* What you have to do: Below this line is a set of entries; quote exactly the lines from the line that contains "Antica bottiglia di" to the line that contains "Volvo L110G لوادر بعجل", both lines included.
————
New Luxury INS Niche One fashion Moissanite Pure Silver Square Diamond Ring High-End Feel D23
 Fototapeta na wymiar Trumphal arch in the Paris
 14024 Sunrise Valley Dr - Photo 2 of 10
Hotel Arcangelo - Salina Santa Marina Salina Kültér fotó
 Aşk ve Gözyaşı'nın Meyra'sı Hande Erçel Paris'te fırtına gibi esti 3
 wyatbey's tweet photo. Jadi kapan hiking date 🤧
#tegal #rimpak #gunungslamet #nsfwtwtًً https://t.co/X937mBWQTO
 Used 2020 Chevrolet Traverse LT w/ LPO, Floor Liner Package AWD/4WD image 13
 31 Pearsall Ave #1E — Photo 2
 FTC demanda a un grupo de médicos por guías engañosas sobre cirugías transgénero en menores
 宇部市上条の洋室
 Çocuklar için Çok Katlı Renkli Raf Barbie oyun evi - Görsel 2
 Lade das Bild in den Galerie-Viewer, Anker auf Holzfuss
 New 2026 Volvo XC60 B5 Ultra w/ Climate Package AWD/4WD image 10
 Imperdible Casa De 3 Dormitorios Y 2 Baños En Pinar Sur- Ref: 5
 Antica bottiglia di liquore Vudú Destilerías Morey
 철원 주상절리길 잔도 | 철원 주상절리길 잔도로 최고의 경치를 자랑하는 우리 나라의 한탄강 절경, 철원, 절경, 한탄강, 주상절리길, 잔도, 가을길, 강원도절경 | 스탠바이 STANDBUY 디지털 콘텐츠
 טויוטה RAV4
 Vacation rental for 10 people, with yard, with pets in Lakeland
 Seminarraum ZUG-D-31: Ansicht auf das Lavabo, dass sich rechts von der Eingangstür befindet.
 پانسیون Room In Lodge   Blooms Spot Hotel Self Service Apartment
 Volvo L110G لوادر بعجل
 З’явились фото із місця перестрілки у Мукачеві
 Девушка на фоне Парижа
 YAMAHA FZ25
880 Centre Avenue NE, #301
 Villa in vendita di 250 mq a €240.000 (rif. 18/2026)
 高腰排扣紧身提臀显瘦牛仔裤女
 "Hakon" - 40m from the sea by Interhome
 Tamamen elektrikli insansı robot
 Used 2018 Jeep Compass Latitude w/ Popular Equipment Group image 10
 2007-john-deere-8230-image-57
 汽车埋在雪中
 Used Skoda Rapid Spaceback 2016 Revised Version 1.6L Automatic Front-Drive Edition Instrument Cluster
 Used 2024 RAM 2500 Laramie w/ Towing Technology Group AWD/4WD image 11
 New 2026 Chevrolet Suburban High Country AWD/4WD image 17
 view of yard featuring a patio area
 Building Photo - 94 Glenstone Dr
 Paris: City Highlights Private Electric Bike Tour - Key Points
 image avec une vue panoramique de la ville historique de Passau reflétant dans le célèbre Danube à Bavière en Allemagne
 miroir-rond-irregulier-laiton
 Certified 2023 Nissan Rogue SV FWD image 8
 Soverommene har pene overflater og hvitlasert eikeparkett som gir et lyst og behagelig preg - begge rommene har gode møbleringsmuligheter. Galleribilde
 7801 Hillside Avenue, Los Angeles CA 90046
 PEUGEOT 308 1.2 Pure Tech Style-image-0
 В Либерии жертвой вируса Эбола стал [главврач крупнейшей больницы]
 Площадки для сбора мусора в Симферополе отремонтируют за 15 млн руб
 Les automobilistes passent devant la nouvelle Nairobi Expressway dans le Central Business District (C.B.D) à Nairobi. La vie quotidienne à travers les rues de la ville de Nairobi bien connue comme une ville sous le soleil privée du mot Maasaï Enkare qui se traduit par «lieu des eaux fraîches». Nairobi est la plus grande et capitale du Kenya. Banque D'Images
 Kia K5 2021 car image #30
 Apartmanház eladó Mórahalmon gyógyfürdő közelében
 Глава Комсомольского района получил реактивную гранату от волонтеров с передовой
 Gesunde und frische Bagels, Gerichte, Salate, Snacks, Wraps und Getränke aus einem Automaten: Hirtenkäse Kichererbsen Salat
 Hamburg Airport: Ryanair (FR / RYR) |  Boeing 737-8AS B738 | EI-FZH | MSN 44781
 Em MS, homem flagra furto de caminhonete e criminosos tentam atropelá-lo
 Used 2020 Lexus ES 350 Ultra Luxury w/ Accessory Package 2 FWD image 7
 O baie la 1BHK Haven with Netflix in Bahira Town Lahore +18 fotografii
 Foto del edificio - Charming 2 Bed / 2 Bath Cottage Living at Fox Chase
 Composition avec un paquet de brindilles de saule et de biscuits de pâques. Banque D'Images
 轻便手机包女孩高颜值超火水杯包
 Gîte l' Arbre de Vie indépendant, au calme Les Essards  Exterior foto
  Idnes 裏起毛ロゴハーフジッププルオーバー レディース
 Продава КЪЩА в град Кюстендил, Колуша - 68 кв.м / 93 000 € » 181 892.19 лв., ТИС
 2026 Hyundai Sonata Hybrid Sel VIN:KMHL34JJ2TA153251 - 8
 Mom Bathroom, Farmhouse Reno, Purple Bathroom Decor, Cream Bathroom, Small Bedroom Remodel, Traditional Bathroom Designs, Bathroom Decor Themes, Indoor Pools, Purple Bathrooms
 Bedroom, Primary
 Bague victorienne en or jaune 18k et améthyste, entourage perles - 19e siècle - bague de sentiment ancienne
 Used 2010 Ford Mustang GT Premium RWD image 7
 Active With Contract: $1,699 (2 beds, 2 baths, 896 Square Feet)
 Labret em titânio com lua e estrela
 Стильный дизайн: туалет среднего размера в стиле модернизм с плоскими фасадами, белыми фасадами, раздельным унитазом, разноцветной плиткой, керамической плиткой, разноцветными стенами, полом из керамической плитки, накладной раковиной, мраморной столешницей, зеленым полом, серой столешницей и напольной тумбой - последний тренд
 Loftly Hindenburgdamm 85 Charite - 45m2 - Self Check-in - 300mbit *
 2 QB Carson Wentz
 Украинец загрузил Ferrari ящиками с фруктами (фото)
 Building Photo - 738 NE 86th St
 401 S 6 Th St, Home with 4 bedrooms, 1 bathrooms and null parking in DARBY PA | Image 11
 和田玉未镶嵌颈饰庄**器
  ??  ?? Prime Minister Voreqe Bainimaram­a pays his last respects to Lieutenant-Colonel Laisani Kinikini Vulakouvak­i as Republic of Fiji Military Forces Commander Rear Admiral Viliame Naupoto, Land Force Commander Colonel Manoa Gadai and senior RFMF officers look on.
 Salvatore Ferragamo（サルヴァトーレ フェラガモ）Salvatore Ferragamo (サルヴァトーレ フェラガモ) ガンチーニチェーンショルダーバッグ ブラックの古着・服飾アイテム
————
* Task answer:
 Antica bottiglia di liquore Vudú Destilerías Morey
 철원 주상절리길 잔도 | 철원 주상절리길 잔도로 최고의 경치를 자랑하는 우리 나라의 한탄강 절경, 철원, 절경, 한탄강, 주상절리길, 잔도, 가을길, 강원도절경 | 스탠바이 STANDBUY 디지털 콘텐츠
 טויוטה RAV4
 Vacation rental for 10 people, with yard, with pets in Lakeland
 Seminarraum ZUG-D-31: Ansicht auf das Lavabo, dass sich rechts von der Eingangstür befindet.
 پانسیون Room In Lodge   Blooms Spot Hotel Self Service Apartment
 Volvo L110G لوادر بعجل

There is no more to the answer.